Ever since I began my schooling I was frustrated by its failure to inspire me or demonstrate its importance. I didn't know what was most important, but I was sure it wasn't this. I had heard about the genocide of the Indians, witnessed the assassination of JFK, and lived through the Vietnam war. I asked about these and other things, but I was never told; these topics never came up in school. Every year I expected things to improve but they never did.
My classmates progressed from intimidated elementary school students assaulted by teachers, tests, and the pledge of allegiance, to compliant high school students accepting insipid explanations, eroded self-confidence, and hostile competition. By the time I got to middle school, I was seething and I began to take things into my own hands. This was the start of my search for wise counsel and a deeper understanding of education, the world, and myself.
For six decades of education in dozens of fields--taught, mentored, enabled, and exploited--I have been asking the most interesting people I can find for answers to the question of meaning, growth, and change. I have returned to my most important mentors, classmates, partners, and their teachers, students, and children. I wanted answers that went to the root of inspiration and opportunity. What improves our lives?

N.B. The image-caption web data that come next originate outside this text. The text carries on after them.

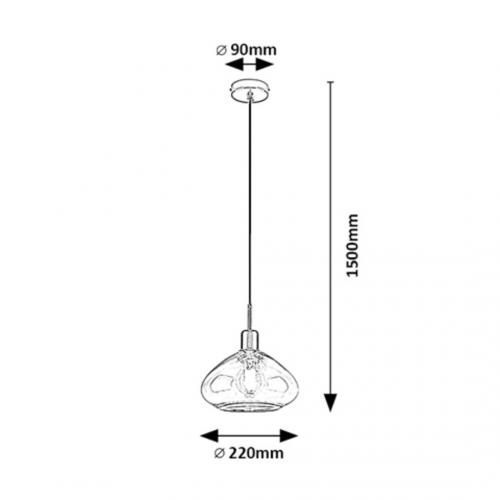 RABALUX -  PENDANTS DVORA 72021 E27 1X MAX 40W 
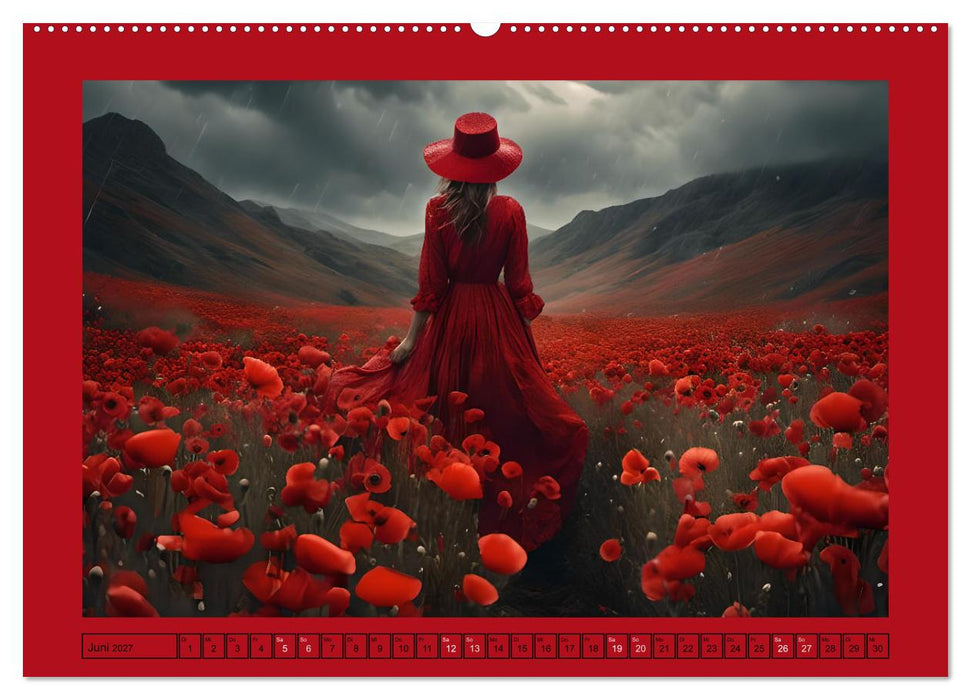 Regenzauber - Frauen im Wandel der Jahreszeiten (CALVENDO Premium Wandkalender 2027)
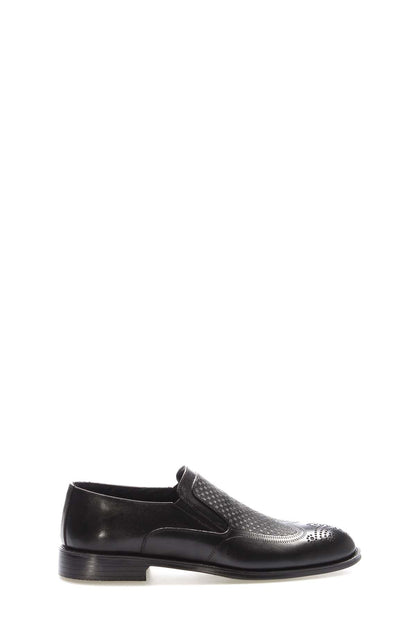 Hakiki Deri Erkek Klasik Ayakkabı 218MA405 Siyah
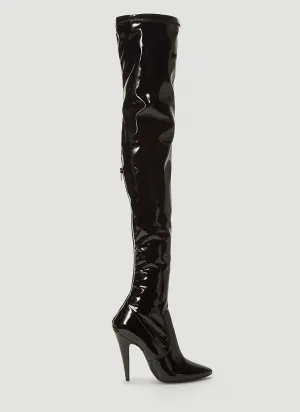 Saint Laurent Aylah Over-The-Knee Boots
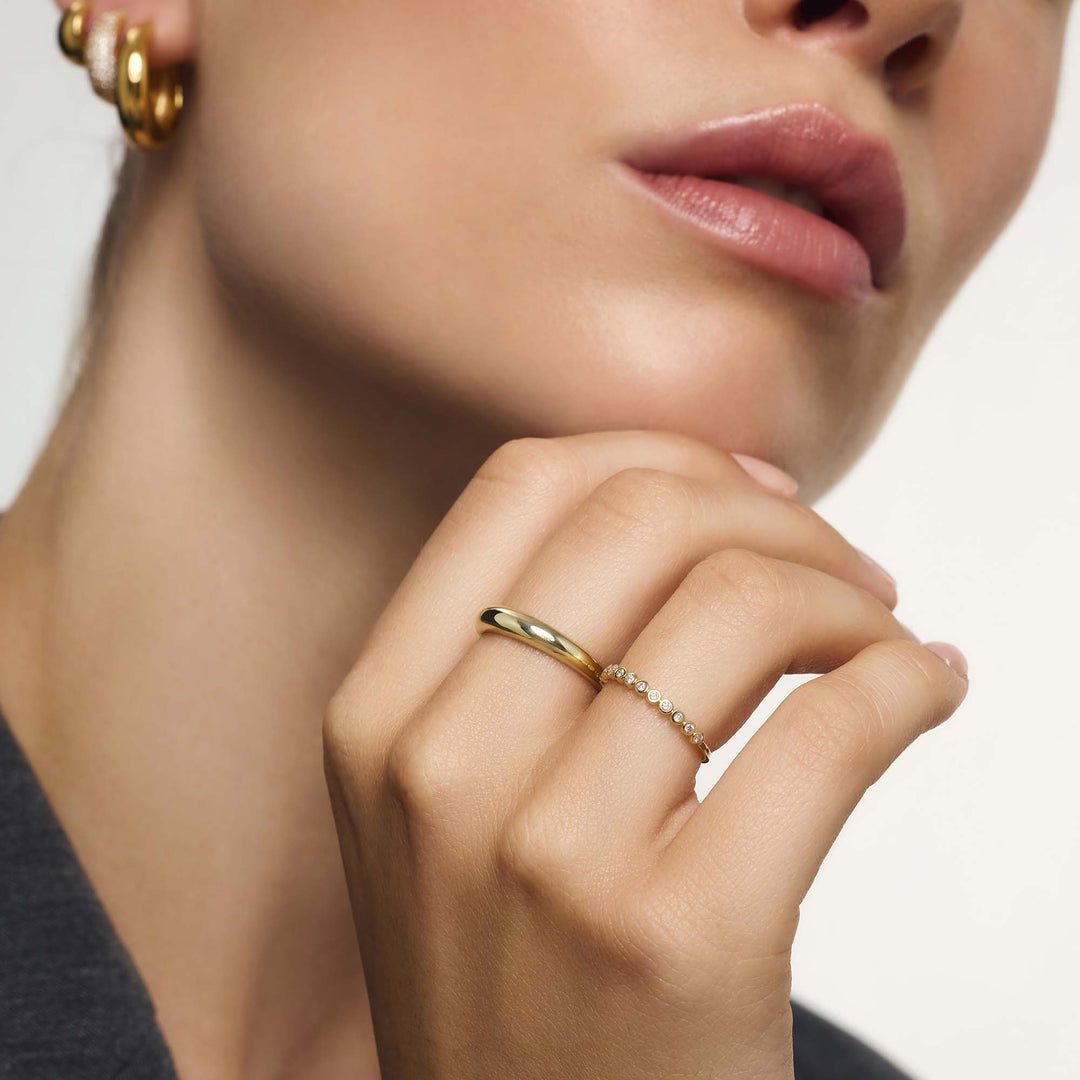 Nanette – Classic Gold Band Ring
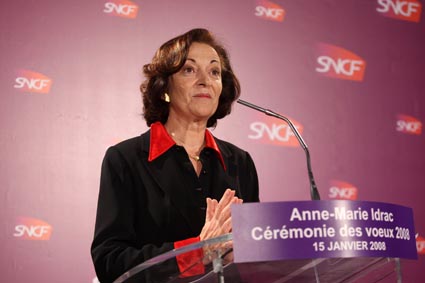 VOEUX DE LA PRESIDENTE DE LA SNCF ANNE MARIE IDRAC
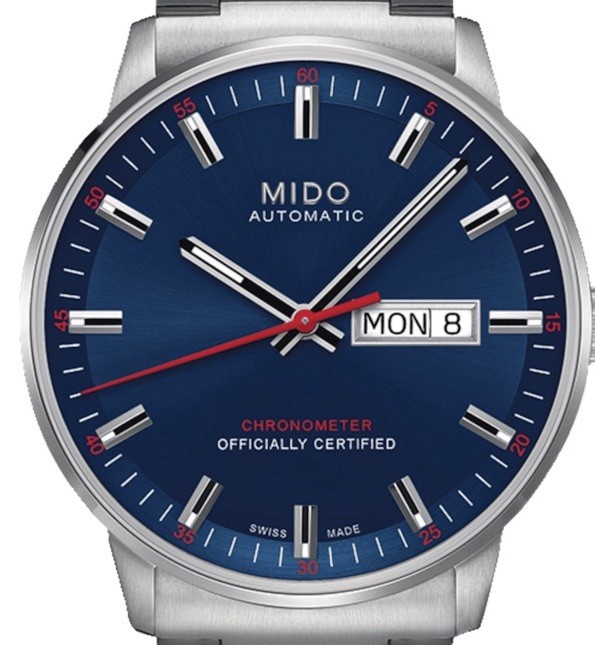 Mido Commander Chronometer Blue Automatic Sports … - image 1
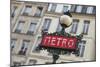 Paris Metro Signpost-Cora Niele-Mounted Giclee Print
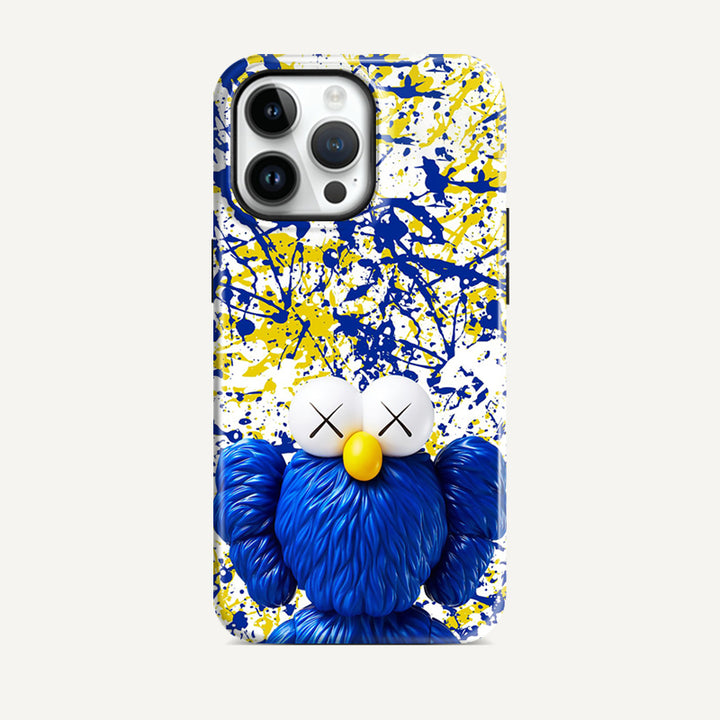 Splatter Art Blue KAWS  iPhone Series – mimaiart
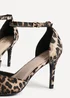 Linzi Thea Leopard Print Classic Stiletto Court Heel - Size 7 Image 5
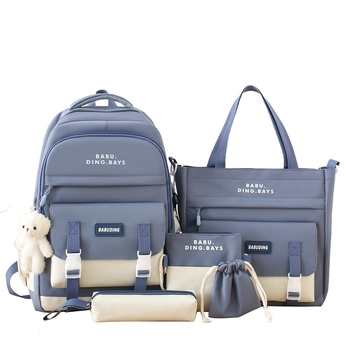 Σχολικό σακίδιο: καμβάς, αδιάβροχο, μεγάλος χώρος, ελαφρύ, εργονομικός σχεδιασμός με καμπύλο ιμάντα ώμου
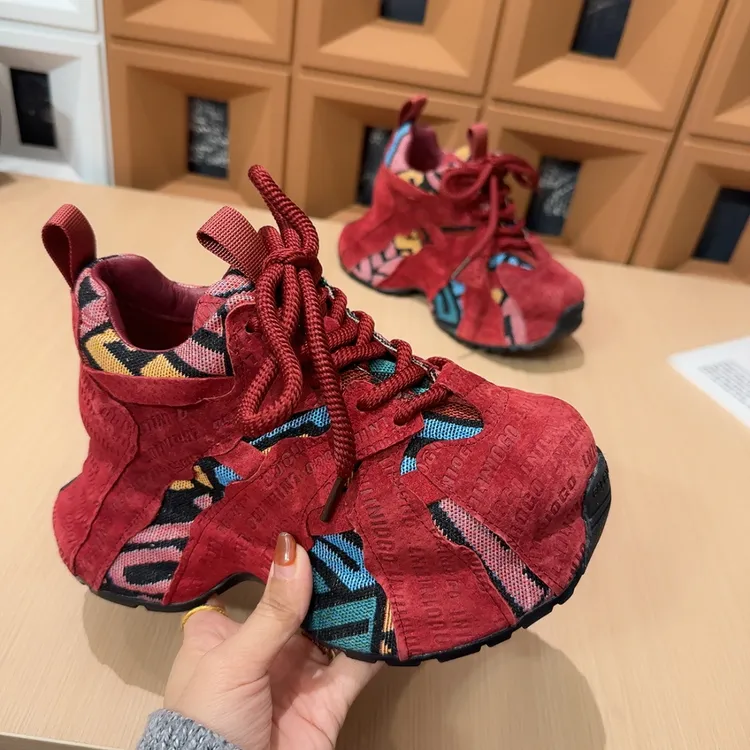 欧货重工内增高厚底老爹鞋女ins超火运动鞋潮流百搭小个子休闲鞋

In The Learning Project, thirty-five artists, athletes, tradesmen, soldiers, scientists, and politicians--teenagers, adults, and elders--describe their passages of inner change. One struggles with adolescence in a broken, immigrant family. Another trains to be an astronaut. A third learns craftsmanship from a grandfather who lived during the Civil War. These rites of passage echo a mythology going back thousands of years. In them are the secrets to growing our humanity.
This is not the sanitized version, reduced to self-help or buzzwords for business schools. These are not pigeonholed people or bedtime stories. They are fully textured, authentic rites of passage, unfiltered and unfolded by layers. Lives like ours: twisted, complex, uncertain, and in the process of being born. This is the story of our transformation and transcendence.